More than just catch up TV: how can brands benefit from video on demand?
Back in August the BBC announced its roadmap for iPlayer – stating that the service will be more than just catching up with TV shows online, and will become part of the Beeb’s vision of forming its primary digital entertainment destination. The new iPlayer is set to include a unique content offering, including pop-up channels - around specific events or festivals - giving users the ability to create their own viewing schedules and access to more content on iPlayer before it’s broadcast on linear TV.
So as consumers start curating and creating their own viewing schedules, will this mark a significant shift from linear TV to Video on Demand (VoD)? And if so, what does this mean for content-led brands and broadcasters operating in this space?
There’s no doubt that time spent watching TV on demand is growing. 4oD views in 2012 were up 5% to 450 million and the BBC iPlayer app has now been downloaded over 20 million times. The established OTT providers are also seeing success. Netflix, along with YouTube now make up over half of internet traffic in The States and ‘Netflix only’ content, such as House of Cards and the final season of Breaking Bad has no-doubt helped the company see its share price more than treble over the past 12 months.
But traditional linear TV viewing isn’t changing much. According to Thinkbox, the UK’s marketing body for TV in the UK, despite the ready availability of VoD, TV is being consumed in much the same way as always: in the living room with friends or family watching programmes broadcast on their main TV set.
So where does the future lie? Linear TV and VoD aren’t mutually exclusive. We’re starting to see a shift in broadcasters bringing together the two into one, device agnostic, service with a seamless user experience. Connected devices will continue to provide rich content discovery, and an overhaul in personalisation, will mean cherry-picked programmes can be implemented around the shows that users like to watch live. This gives relevant content based on the viewer’s preference, device, location and time available to watch, in addition to retaining the much loved social element of watching favourite programmes ‘live’ and sharing the experience in real-time. We’ll see viewers given the option to set reminders for upcoming shows, with the platform sending push notifications for these shows and adding them to the schedule – making it as easy as possible to be consumed.

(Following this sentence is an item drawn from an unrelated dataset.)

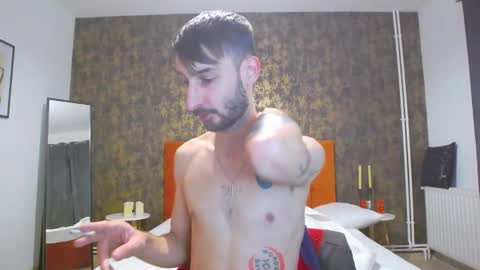 Snapshot of bignosebigcok chatting on October 29, 4:20 pm bignosebigcok online show from October 29, 4:20 pm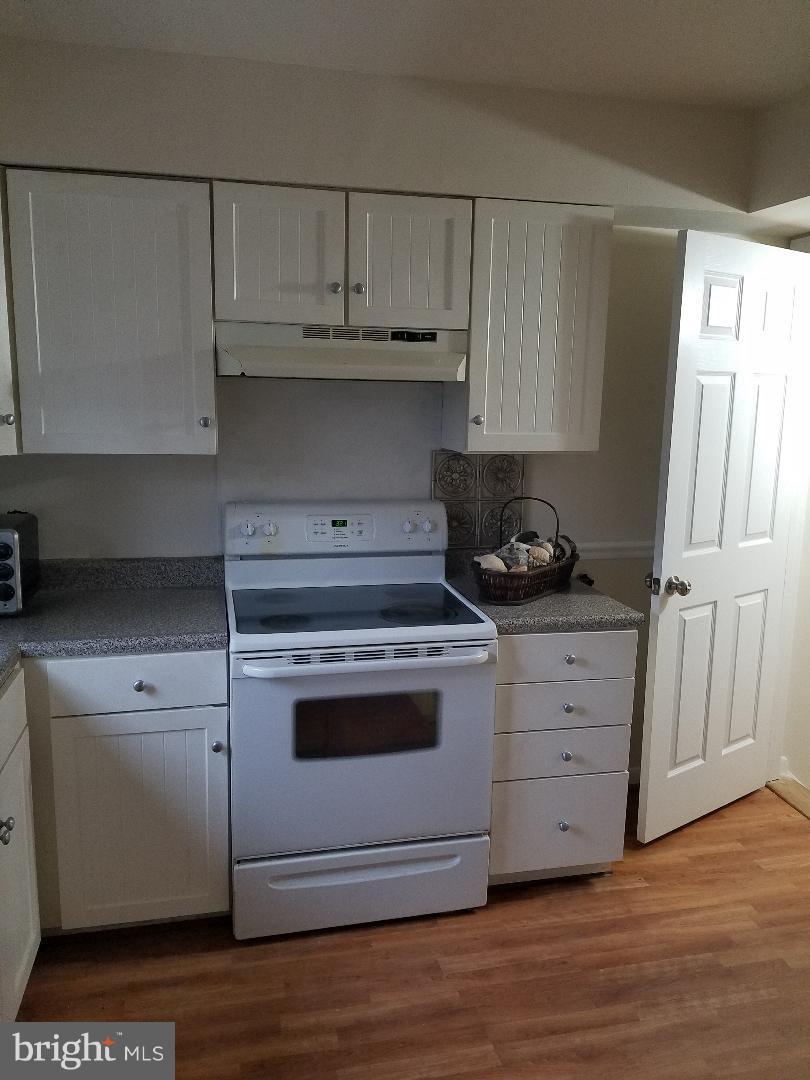 2481 Pyrenees Court Reston, VA 20191 - Photo 5 of 26 Kitchen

As viewers spend more time on these dedicated platforms, this brings opportunities for broadcasters to form stronger bonds with users and create value exchanges, with branded content served through secondary interactions.
And this is key. Brands should be valuing this opportunity within existing platforms, instead of just creating another second screen app. Focusing on these secondary interactions means users can still be provided with a seamless, multi-channel experience to keep them engaged with both the brand and the content.

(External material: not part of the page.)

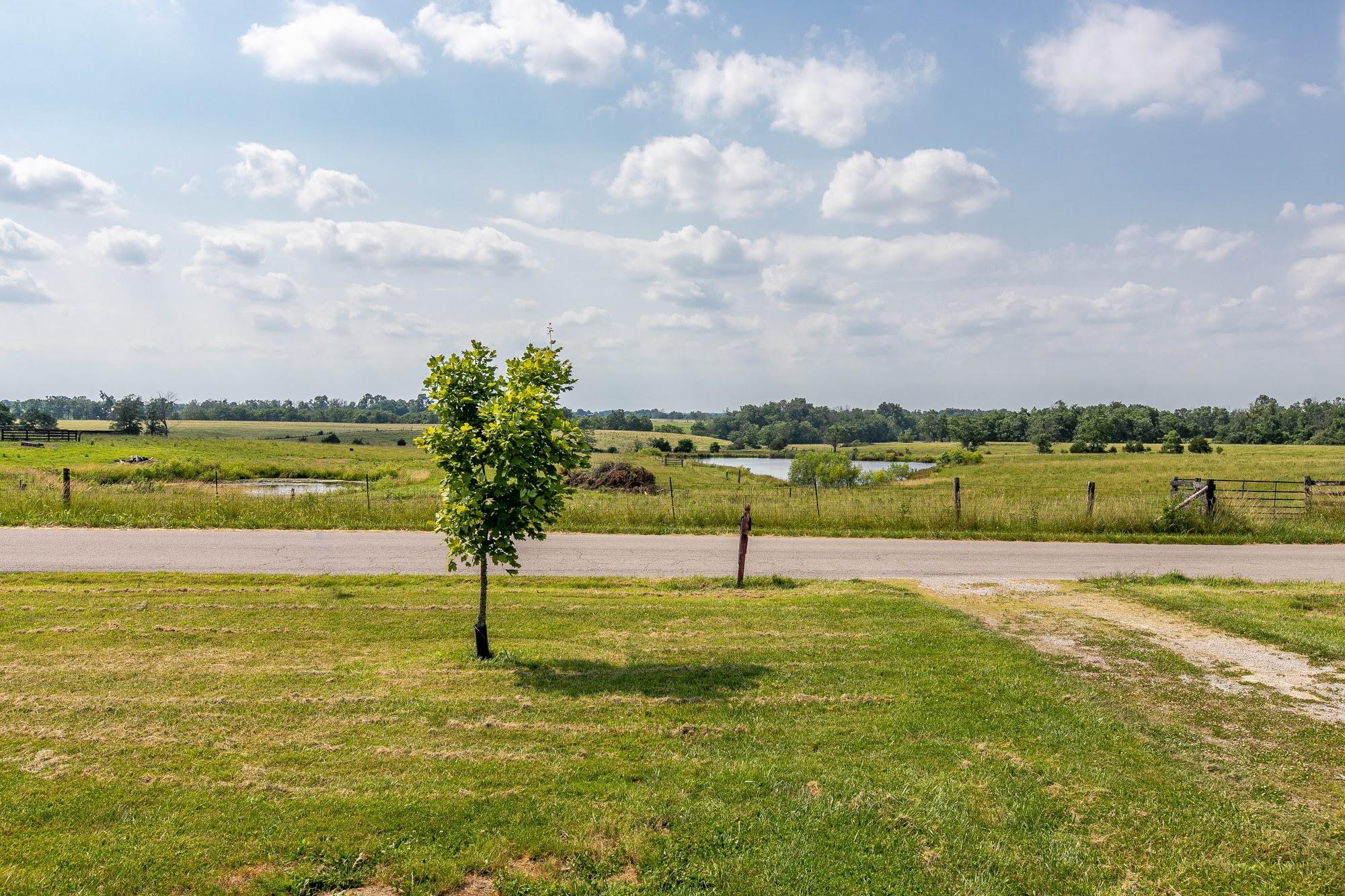 2009 Brassfield Road Richmond, KY 40475 - Photo 4 of 28 39AC85C1-49BC-42D4-B309-3EB6A3FE2E08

Channel 4’s Scrapbook is a good example of this. It gives viewers the option of downloading recipe cards from Jamie Oliver, style tips from Gok Wan and property advice from Sarah Beeny. Keeping users engaged on VoD platforms is key as broadcasters experiment with getting monetisation right, whether that be through traditional advertising, subscription payment models or other financial strategies.
The downside of these seamless, multi-channel experiences? One of the main challenges for broadcasters is whether to consolidate their services on existing platforms or move towards new platforms such as Xbox One, PS4 and beyond. Developing for a wider range of platforms brings with it higher development costs in addition to resource and time commitment. But, as Gartner predicts that over 300 million connected devices will be sold by 2020, the market is self-evident.